"Your pack looks pretty ultralight," I ventured, trying to lessen the apparent sting of a woman passing him.
"It's really heavy," he complained. "Seventeen pounds!"
"It doesn't have a waist belt," he hollered as, giving up, I sped past. Seriously? As I hiked into the evening, negotiating a few snow patches, I thought about the pictures I had seen in the PCT coffee table book of 1970s travel. The men in there carried huge external frame packs, were usually shirtless, showing six-pack abs, and, bonus, had short denim cut-offs. How did we go from that to 17 pounds being heavy in only 40 years?
I soon had more to think about at my destination, Sisters Mirror Lake, which I renamed "Sisters Mosquito Lake". Donning my head net and rain gear, I hurried down to the lakeshore where I hoped to eat with some sanity. Instead, a man in a full net suit approached, wanting to know where I was headed the next day.
|Sisters Mirror Lake. Beware of mansplainers, ladies!|
"Oh, probably South Matthieu," I said, knowing that it was 21 miles and that I didn't have to hike that far, but I could if I wanted to. Skeeter Suit's face took on an expression I know well. I was about to be mansplained!
"I think that's a little too ambitious for you," he intoned. I sighed as he droned on about a nice lake eleven miles away and how much climbing there was ahead. Would he have said this to a male hiker? Nope. Ladies, how much longer are we going to have to put up with this kind of stuff?
The only thing Skeeter Suit was right about was the climbing. There was a lot of it, but it was through such alpine, mountain-studded country that I didn't mind. There was also enough snow that I had to consult the map on a frequent basis.
After one such location, a guy approached me southbound, a cute dog in tow. Inexplicably, he was carrying an oven mitt, which I just had to ask about.
"What's up with the oven mitt?" I asked. Looking embarrassed, the guy muttered something about it keeping his "paraphernalia" dry. Thinking about it, I did detect a certain fragrance. Whatever, dude!
|Obsidian lined the trail in the Limited Entry Area. You have to enter a lottery to day hike here, unless you are hiking through on the PCT. No camping is allowed.|
At about mile 18 I caught up with two women section hiking from Crater Lake to Highway 20 and hiked with them for a few miles. Go ladies! When they stopped for a break I reached a steep, snowy traverse. What to do? It looked like most people had glissaded straight down, but that looked like a one way trip to the emergency room. I saw what looked like a beaten track through the snow, straight across the traverse, and decided to try that. Too late, committed, I saw it was only one set of footprints, and they were shallow. Kicking in steps, I held my breath until I was safely across. Soon I was at my campsite, a lake nestled in a small bowl--21 miles, so there, Skeeter Suit. Best of all, the mosquitoes had inexplicably disappeared, perhaps courtesy of an evening frost.
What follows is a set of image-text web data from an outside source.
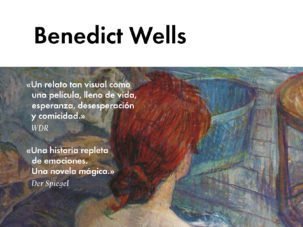 El fin de la soledad, de Benedict Wells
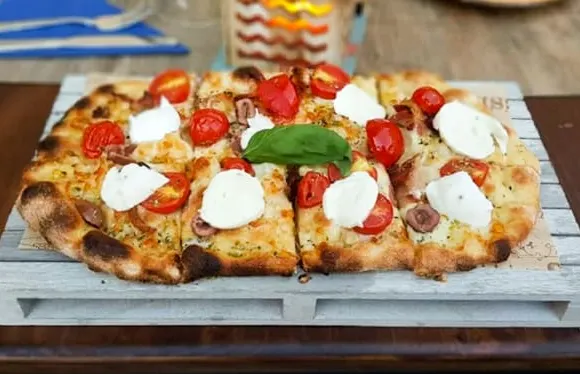 Blanco Wine Bar (Pizzeria)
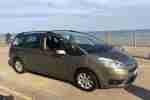 Grand C4 Picasso 1.6HDi 16v EGS VTR+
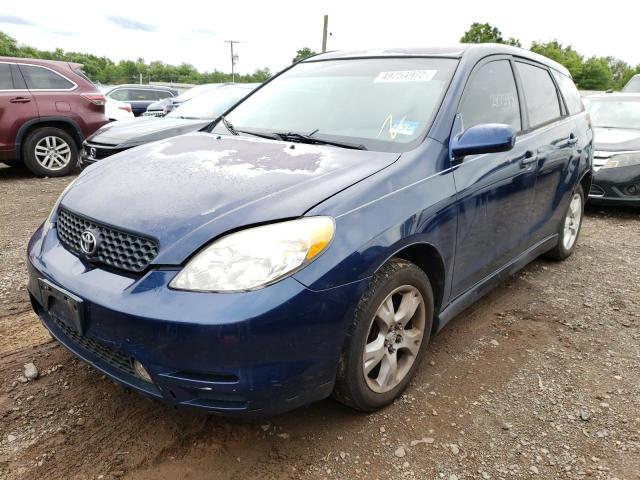 Photo 2 from auction – 2003 TOYOTA COROLLA MA with VIN 2T1KR32E03C043238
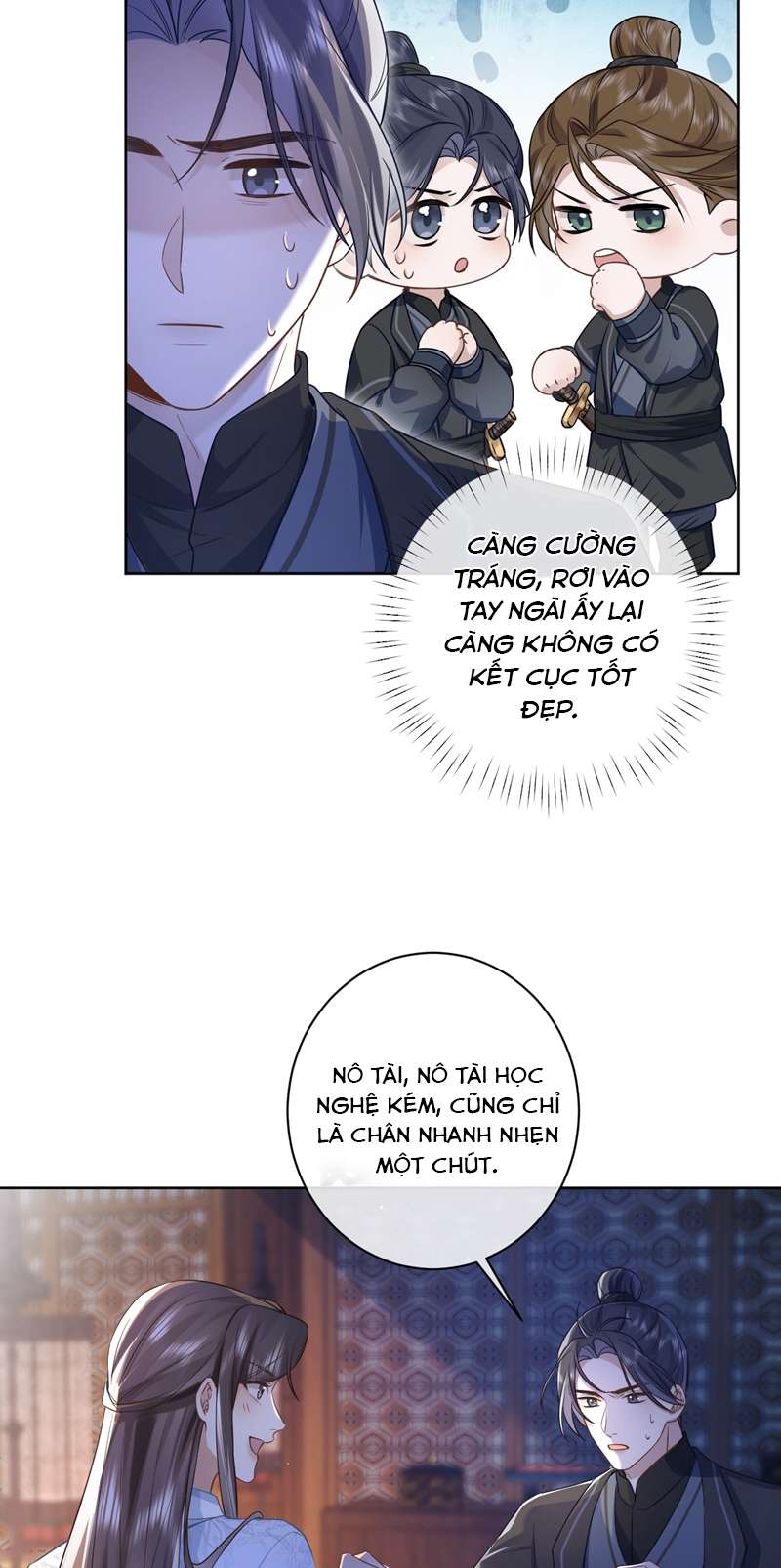 Chỉ Nam Thuần Dưỡng Bạo Quân: Chapter 1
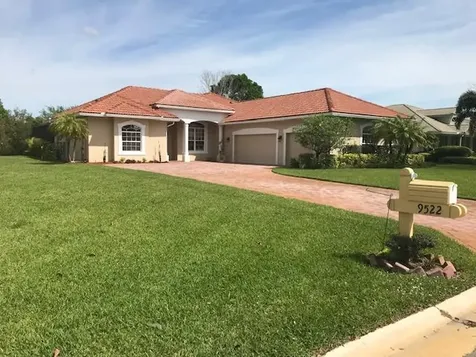 9522 Shadow Lane Fort Pierce FL 34951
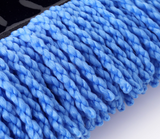 Car Cleaning Tools - Wax Mop and Brush Set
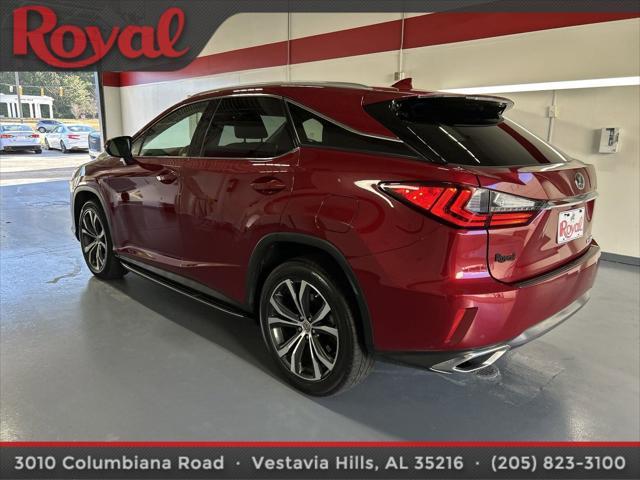 used 2017 Lexus RX 350 car, priced at $28,960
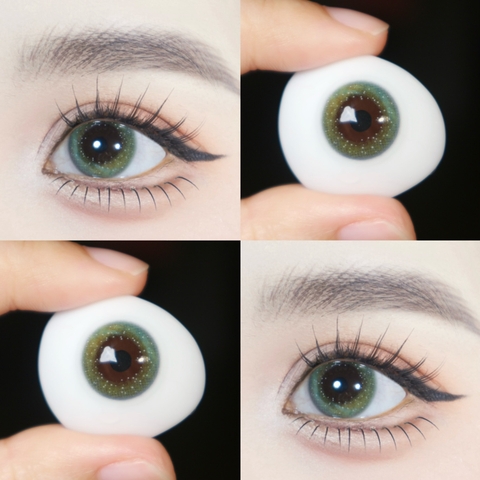 (quà tặng) 584 BROWN - size nhỏ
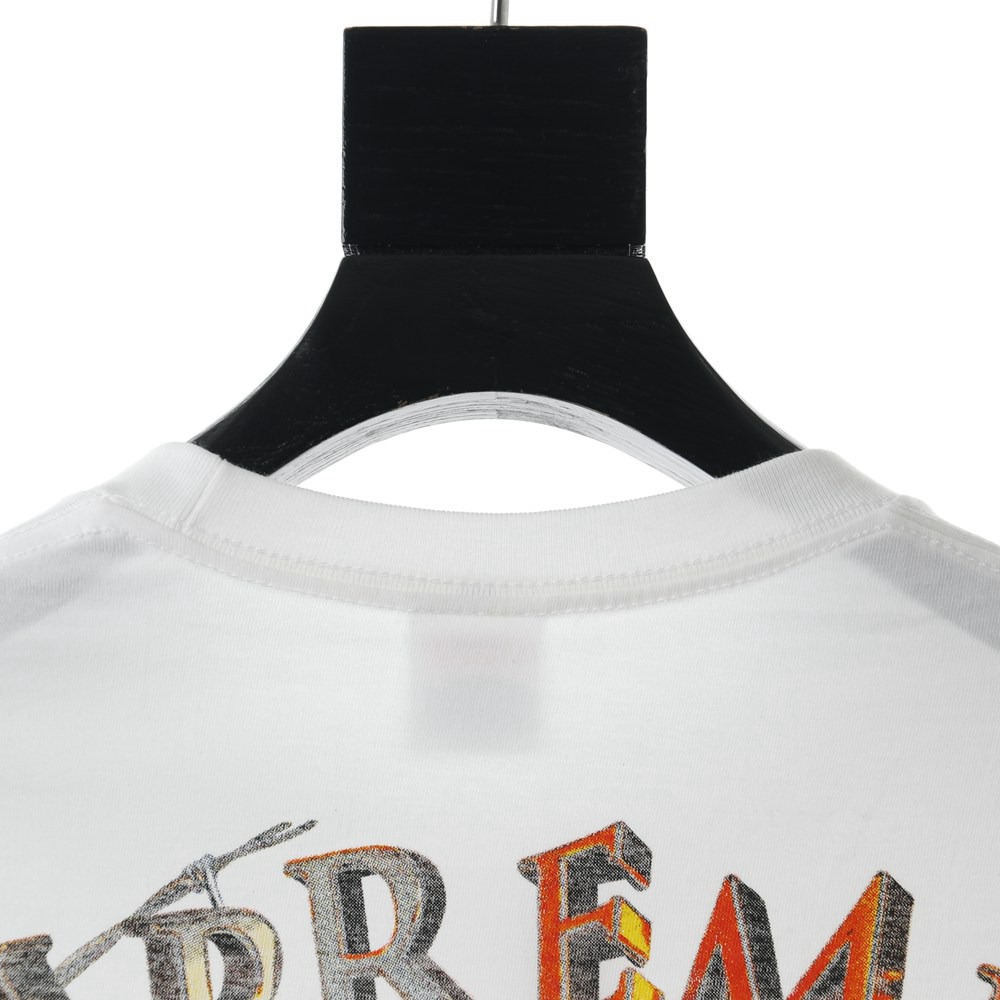 Svp*me 2020ss week0 Laugh Now Tee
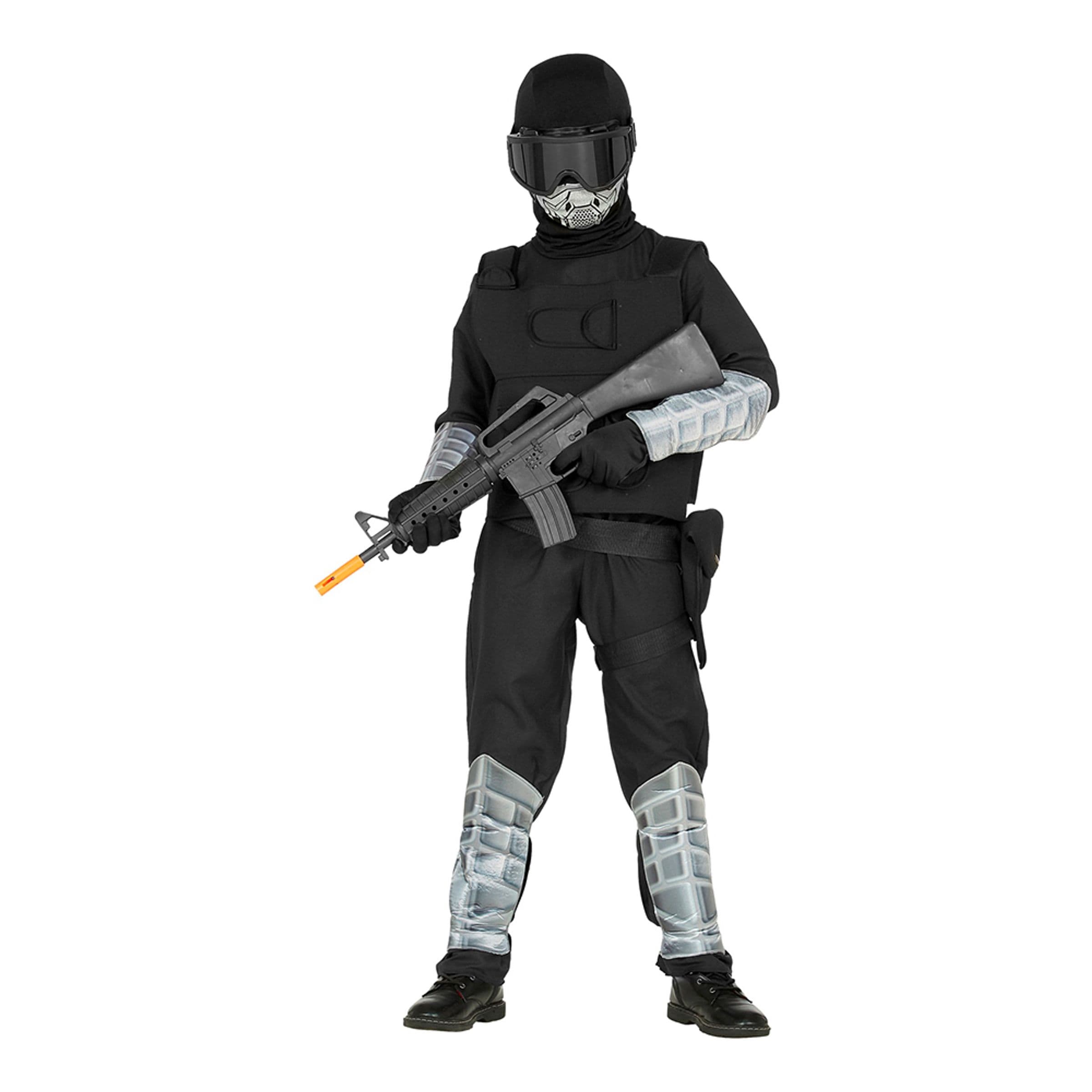 Special Force Lasten Naamiaisasu - Small – Widmann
|South Matthieu Lake--a perfect place for a swim.|
|The traverse looks way, way less scary here. Picture a steep free fall.|
For every good day on the trail, there is often one that is not so good, and the next day was it. I had planned on a shorter day, but as I trekked across Highway 242 and into an unending lava rock climb, I realized that the whole stretch to Santiam Pass was dry. No water, for 21 miles, unless I wanted to go off trail to get it. I only had capacity for 3.5 liters, which was enough for the hike but not to camp also. Besides, the camping was limited on this stretch, seeing as it was mostly lava or burnt trees. It looked like another 21 mile day was in my future.
|Pretty volcanoes all in a row. And lava. So much lava.|
It was hot, oppressively so, and the only relief were brief patches of unburnt forest. On one of those stretches I encountered a strange sight: Camo Santa and his 4 camo-clad elves. I just had to ask: "What's up with the camo?"
Looking annoyed, because probably many others had asked the question, one of the elves explained that they were scouting for elk and were trying out the camo outfits to "see how they breathe." Whatever, dudes!
|There were a few pretty, unburnt sections.|
I stumbled on through a blazing forest, finally reaching Highway 20. In order to get to the rest of the trail and the parking lot, an intrepid hiker must sprint across several lanes of oncoming traffic. Forget the bears and mountain lions, this is the scariest part of the hike. Luckily, it's not eclipse weekend, so I made it across without incident and completely out of water.
TL; DR: Strange encounters, mansplaining, camo, camo, camo, alpine gorgeousness, lava, burned forest, 48 more miles of the PCT hiked!